Le savoir indigène peut-il sauver le récif ?

Le savoir indigène peut-il sauver le récif ?

Les Australiens indigènes s’occupent de la Grande Barrière de Corail depuis des millénaires et invitent désormais les voyageurs à découvrir leurs connaissances ancestrales.

« Seules quelques centaines de personnes ont vu cet endroit », a déclaré notre guide aborigène, Vince Harrigan, un homme de Balngarrawarra, alors que nous regardions un abri sous roche en grès recouvert de barramundi dodus, de crocodiles hachurés et de figures d’esprits étranges peintes par ses ancêtres il y a longtemps.

Les anciennes galeries d’art rupestre que nous avons visitées font partie des centaines, voire des milliers, de sites culturels aborigènes cachés dans la savane tropicale sauvage de Normanby Station, une vaste ferme d’élevage près de Cooktown sur la péninsule de Cape York dans le Queensland, le port continental le plus proche d’Australie. à la Grande Barrière de Corail.

En partageant celui-ci avec les touristes en tant que guide avec Culture Connect, Harrigan ne fournit pas seulement à sa famille un revenu durable. Avec la moitié de la journée complète Rock Art & Ranger Tour dédié à la visite des projets de gardes forestiers de Balngarrawarra, c’est également l’occasion de montrer comment les connaissances traditionnelles sont utilisées pour empêcher le ruissellement de sédiments de se déverser dans la rivière Normanby et sur le récif classé au patrimoine mondial – où l’on pense créer l’environnement idéal pour des étoiles de mer à couronne d’épines mangeuses de corail pour prospérer.

« Après plus de 100 ans de bétail et d’animaux sauvages errant dans ce pays, les ravins d’érosion sont devenus de plus en plus gros », a expliqué Harrigan, qui a travaillé aux côtés d’experts en érosion de l’Université Griffith du Queensland pour y remédier. « Nous avons utilisé des techniques traditionnelles de gestion des terres comme le brûlage pour faire repousser les herbes indigènes et stabiliser le sol. »

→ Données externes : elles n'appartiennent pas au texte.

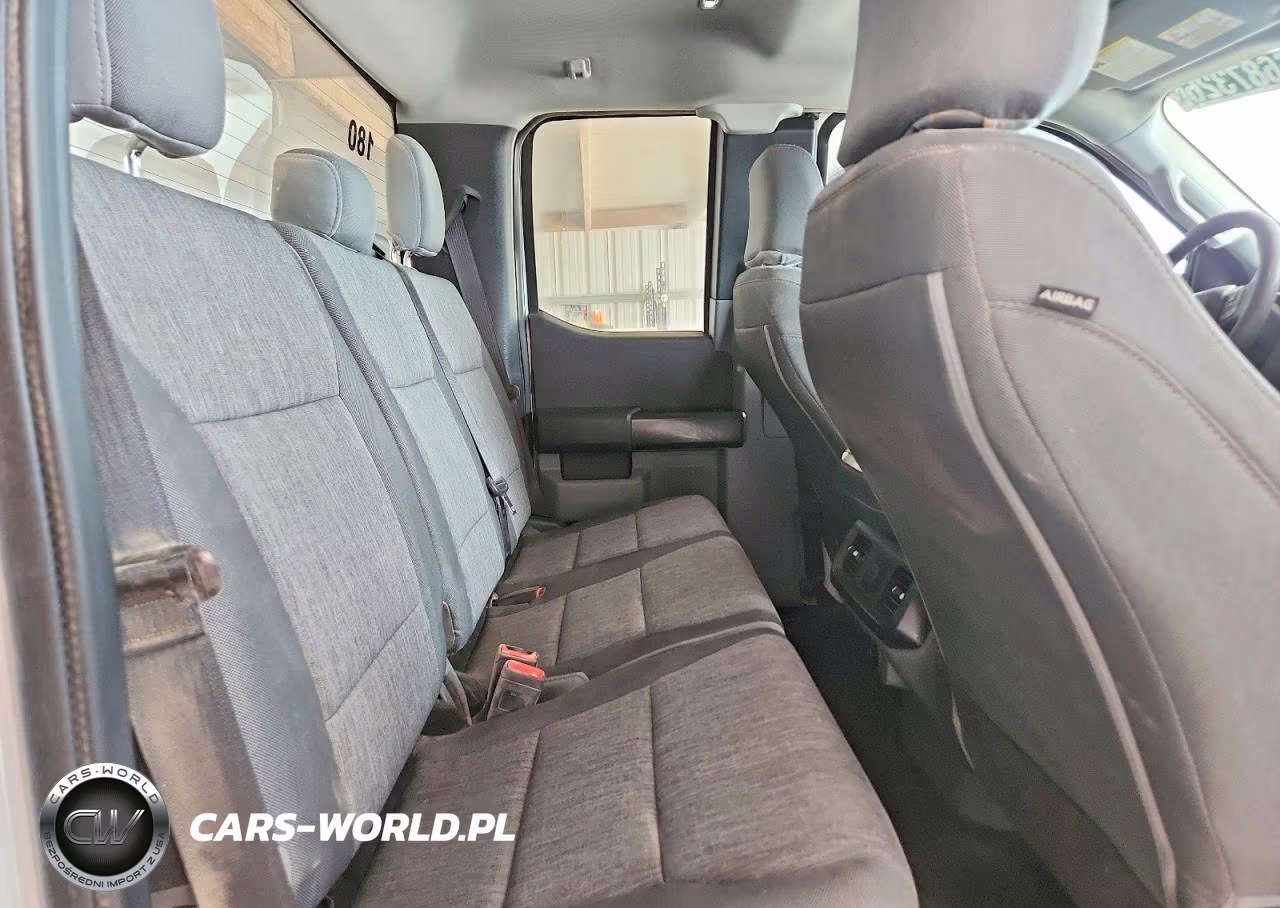 2022 Ford F150 Super Cab VIN:1FTFX1E56NKE64647 - 10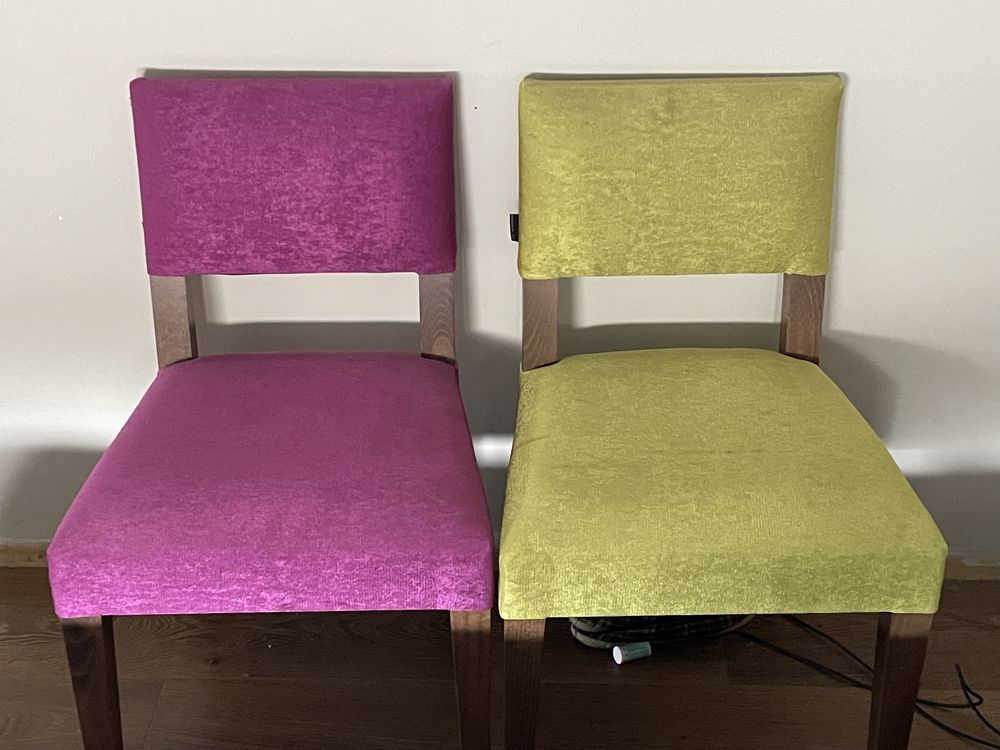 6 chaise bois et tissus 0 Challans (85)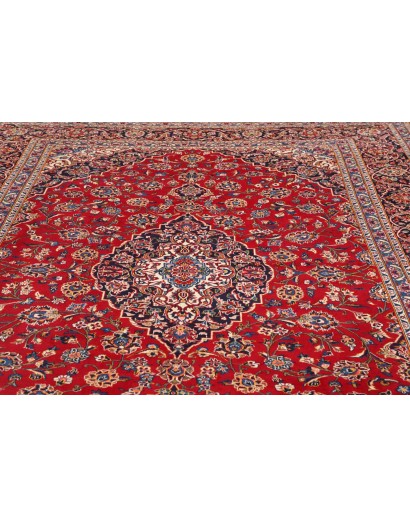 Tappeto Ardakan Persia marrone giallo 260x378
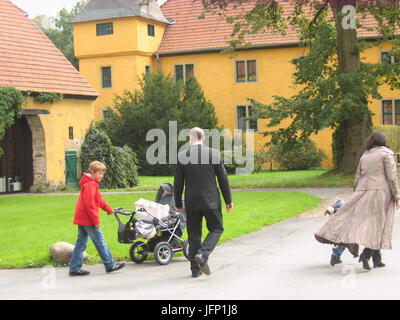 2010-10-19 gut Böckel Rödinghausen 029 Stockfoto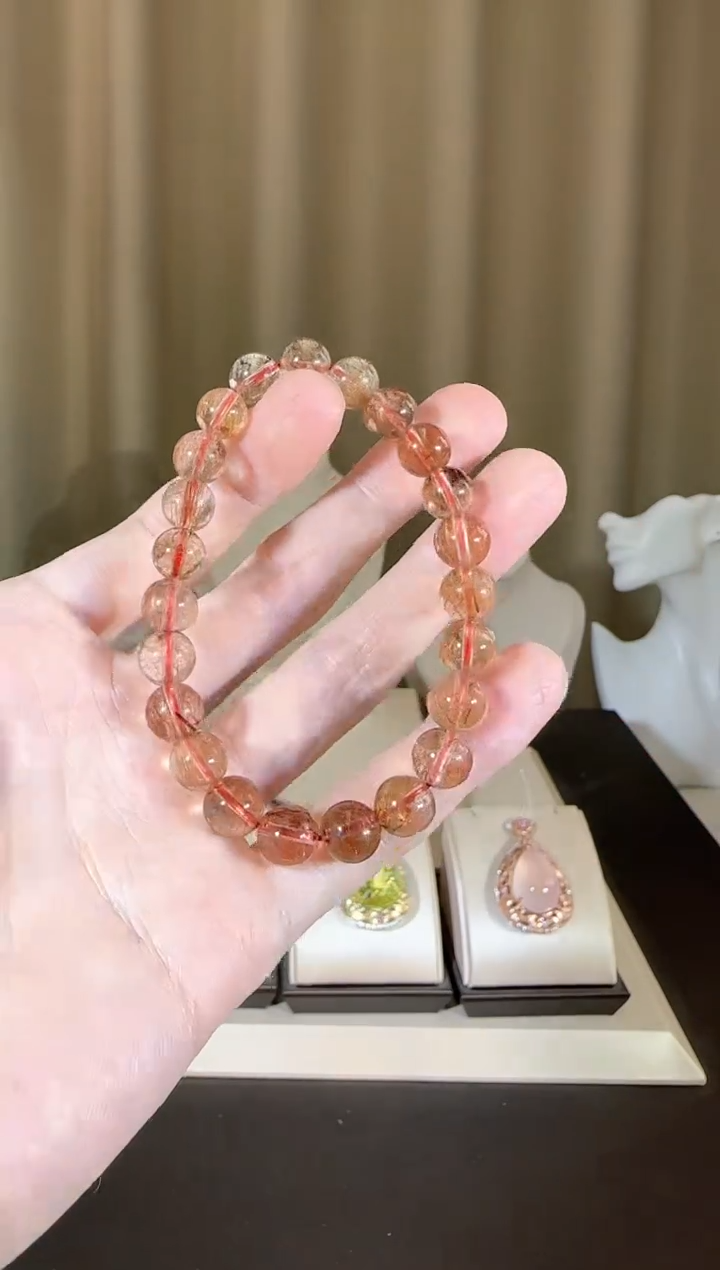 【闪购商品】发晶手串未镶嵌时尚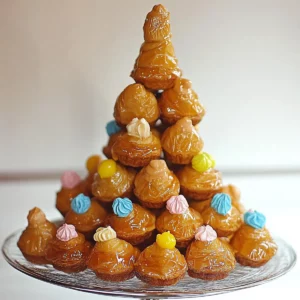 Julia Child’s Croquembouche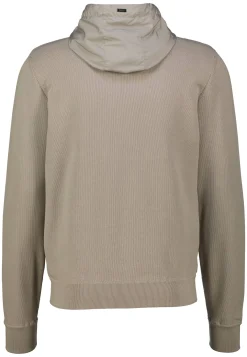 Herren Strickjacke mit Kapuze Regular Fit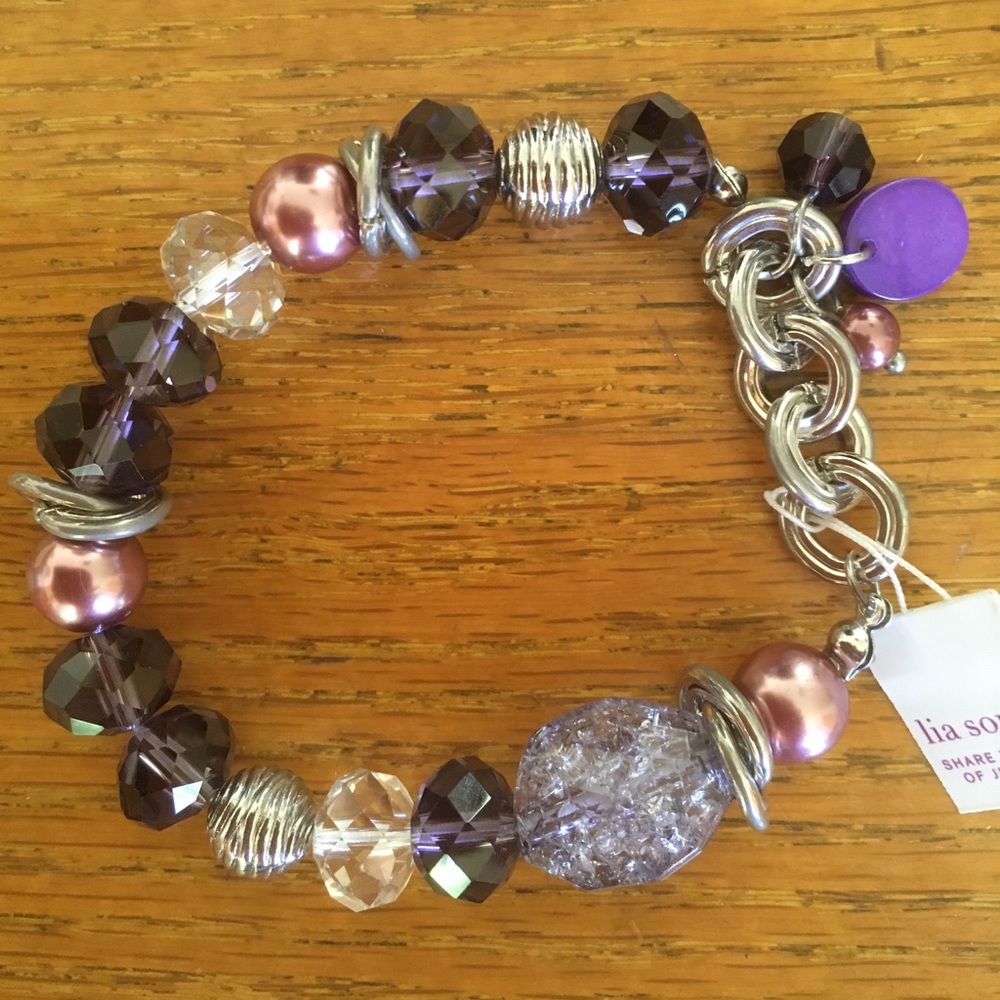 Lia Sophia Stretch Bracelet, NWT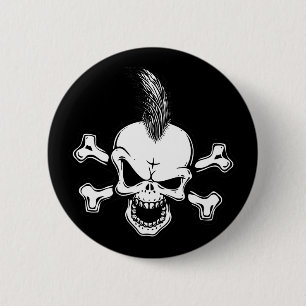 Moe Hawkins 6 Cm Round Badge
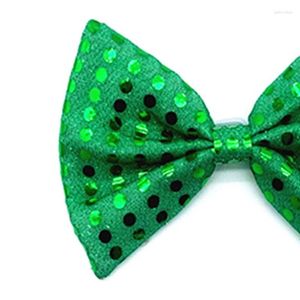 Basker Green Leprechaun Hat Patrick Day Irish Tie Shamrock Glasögon Y1UA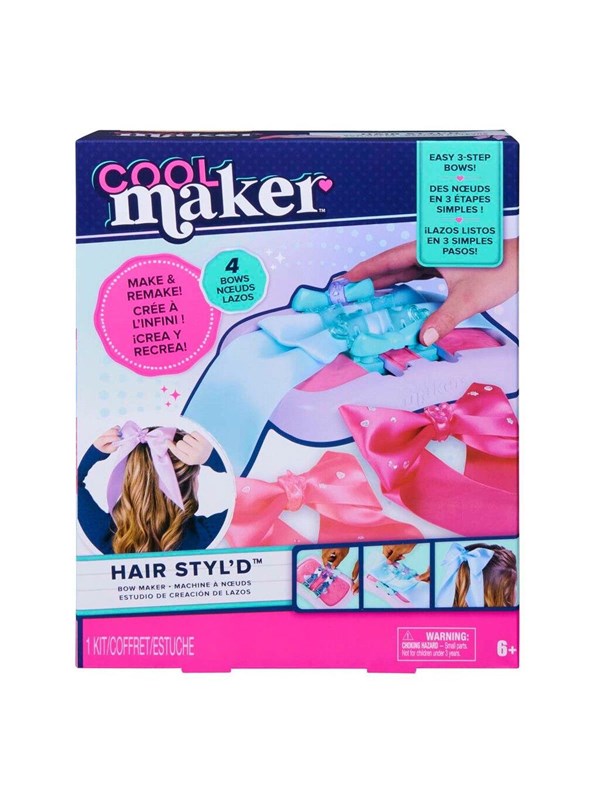 Cool Maker Bowtique Bow Maker Set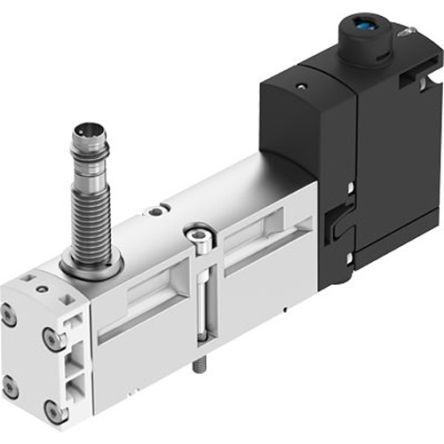 Festo Pneumatic Solenoid Valve -, 573203 [VSVA-B-M52-MZD-A2-1T1L-ANP]; 278-7346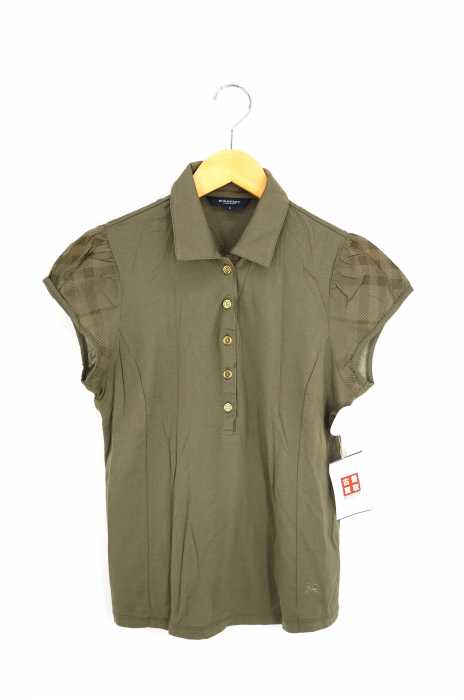 BURBERRY LONDON（バーバリーロンドン） ノースリーブポロシャツ レディース トップス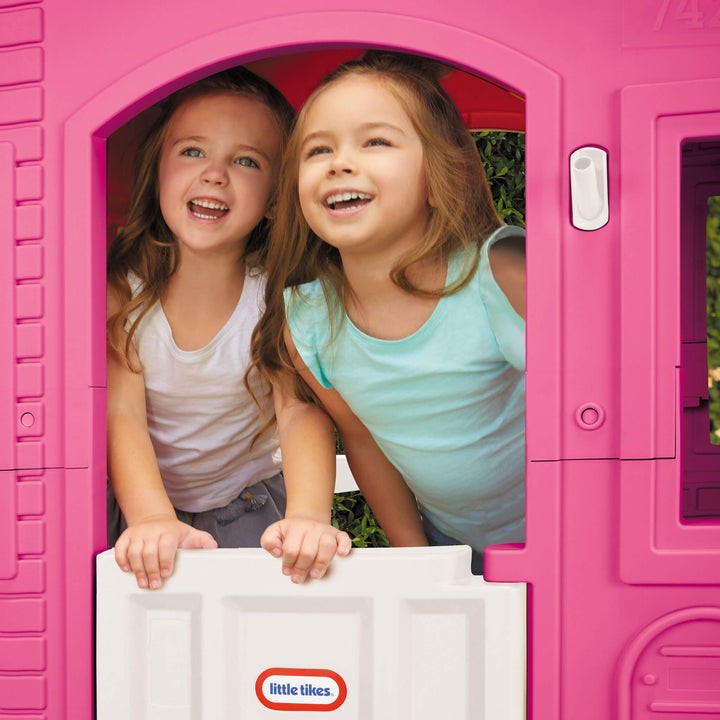 Little Tikes Cape Cottage Playhouse บ้านเด็กเพลย์เฮาส์ - Pink
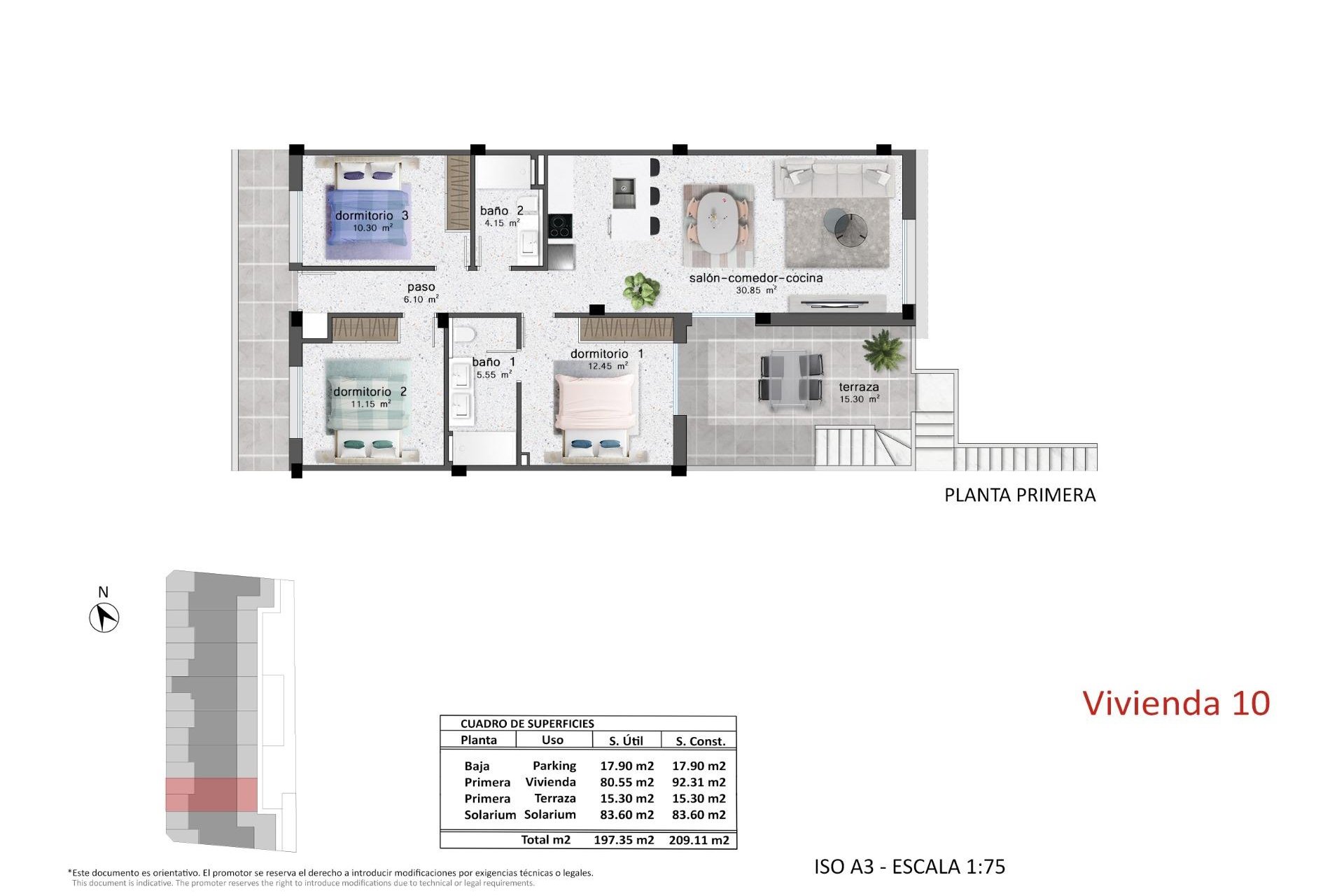 Nieuwbouw - Bungalow - Pilar de la Horadada - Polígono Industrial Zona Raimundo Bened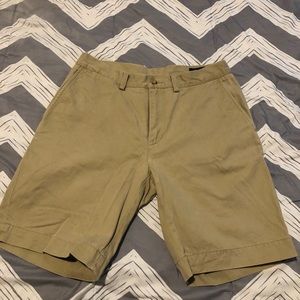 Ralph Lauren Tan 9” Shorts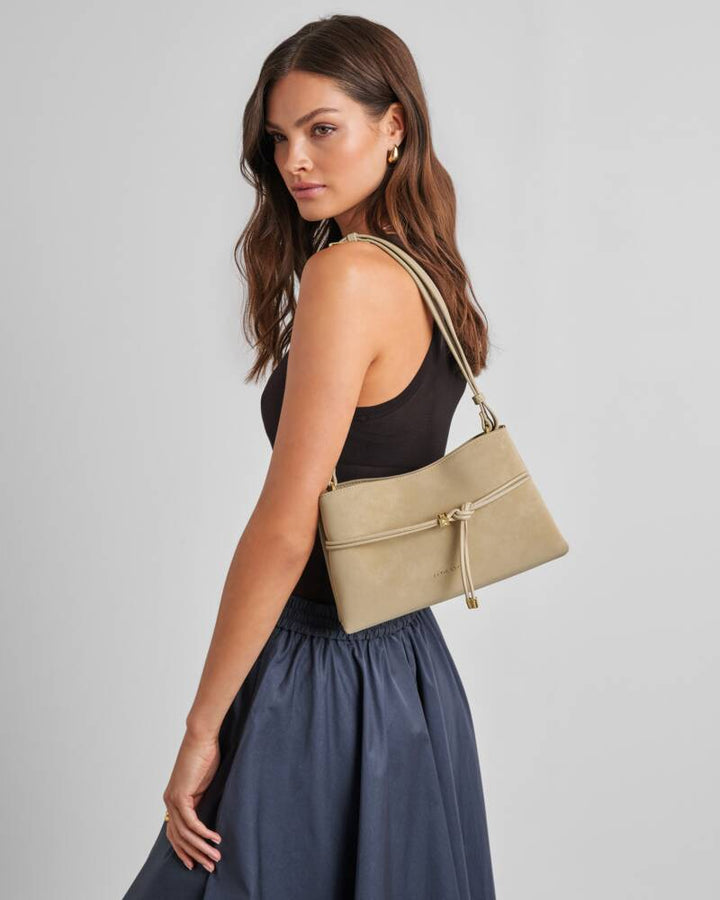 Lori Suedette Crossbody Bag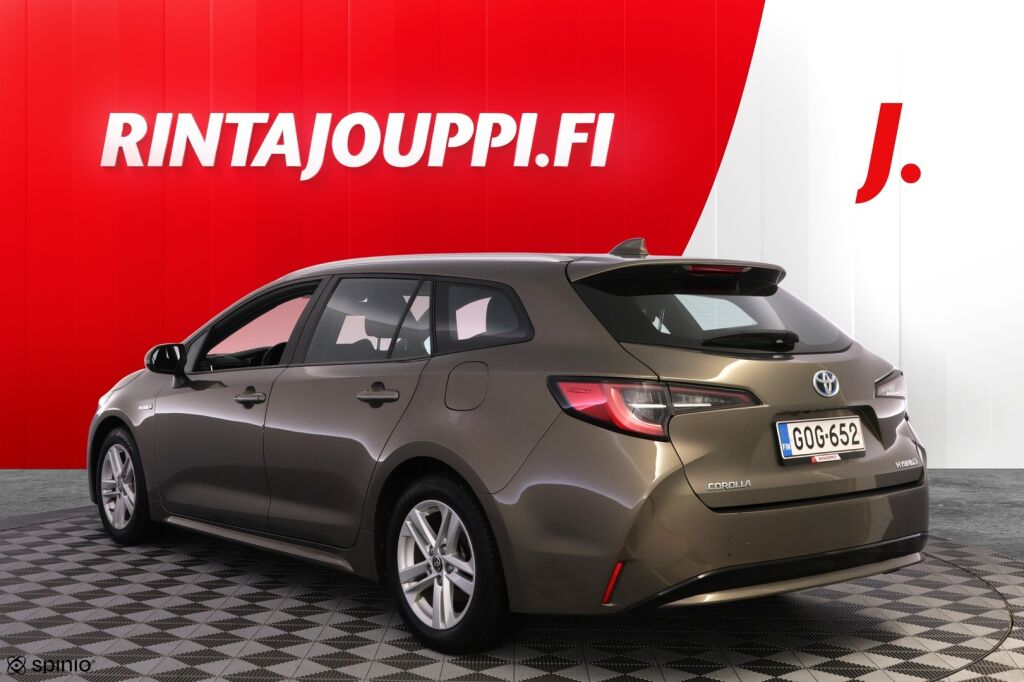 Toyota Corolla 2020 Ruskea (beige)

Les rangers de Balngarrawarra sont soutenus par le programme de gardes forestiers autochtones du gouvernement du Queensland, qui offre des emplois et une formation pour renforcer les activités d’intendance menées par les quelque 70 groupes de gardiens traditionnels vivant le long des 2 300 km de la Grande Barrière de Corail pendant des dizaines de des milliers d’années. Un nombre croissant de ces gardiens invitent désormais les voyageurs à découvrir leurs connaissances ancestrales à travers le tourisme, démontrant ainsi l’importance de la protection des récifs pour des raisons culturelles et environnementales.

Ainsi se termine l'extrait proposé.